= Andhra Pradesh United Teachers Federation =

Indian teachers union

Andhra Pradesh United Teachers Federation a pro-Communist Party of India (Marxist) (CPI(M)) teachers union in Andhra Pradesh, India.It was a united state teachers federation of Andhra pradesh and Telangana till April 2014. United teachers federation is affiliated toState teachers Federation of India (STFI). UTF was established on 10 August 1974. Its main goal for formation was to unite all the Teachers of Andhra pradesh. It is presently working to mobilize teachers against the corporatisation and monetization of education and to safeguard public education together with the people.From regrouping scales, pay scales upgrades, aided teachers direct payments, retirement for age of 60s, geo-instruments, counseling, insignia, etc., UTF, an organization that has stood at the forefront of independence and unity to abolish the apprenticeship policy. UTF has a strong voice in society for the teachers, pensioners, school workers safeguard and government schools Development. It is an active union of teachers in development of society. It also elected Member of legislative Council (MLC's) from their Union.They have president and general secretary as their union leaders.

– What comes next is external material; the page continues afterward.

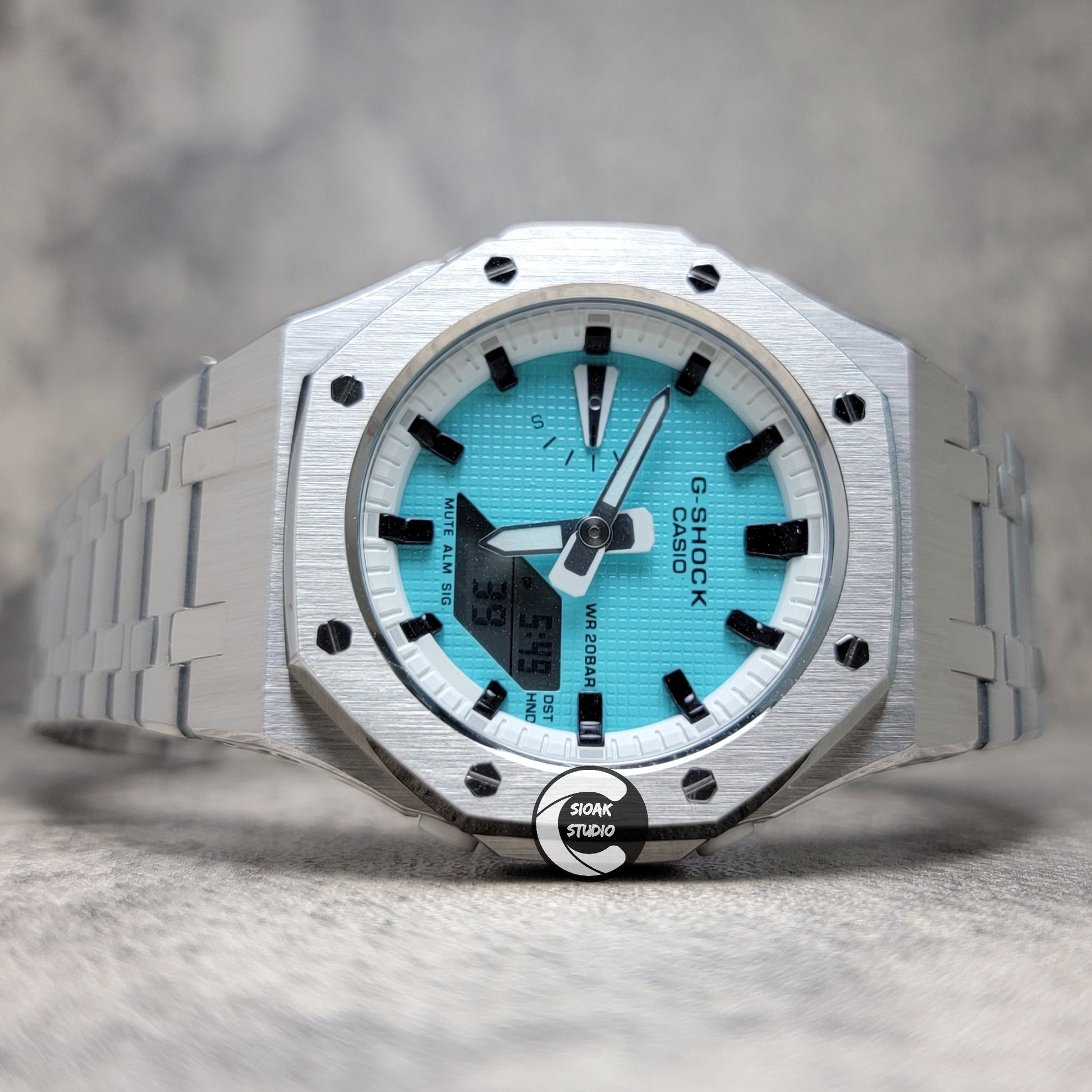 Casioak Mod Watch Silver Case Metal Strap White Black Time Mark Tiffany Blue Dial 42mm - Casioak Studio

==Telangana State United Teachers Federation ( TSUTF ) ==
Telangana State United Teachers Federation a pro-Communist Party of India (Marxist) (CPI(M)) teachers union in Telangana, India.It is a state level teachers Union in Telangana. TSUTF was established on 13 April 2014. It has the same goals and Ideology of United Teachers Federation. Its current president is Jangaih and general secretary Ch. Ravi. It started an official monthly magazine namely " Voice of Telangana Teacher " on 22 October 2014. It has elected Teacher's MLC Alugubelli Narsireddy in warangal, Nalgonda, Khammam constituency.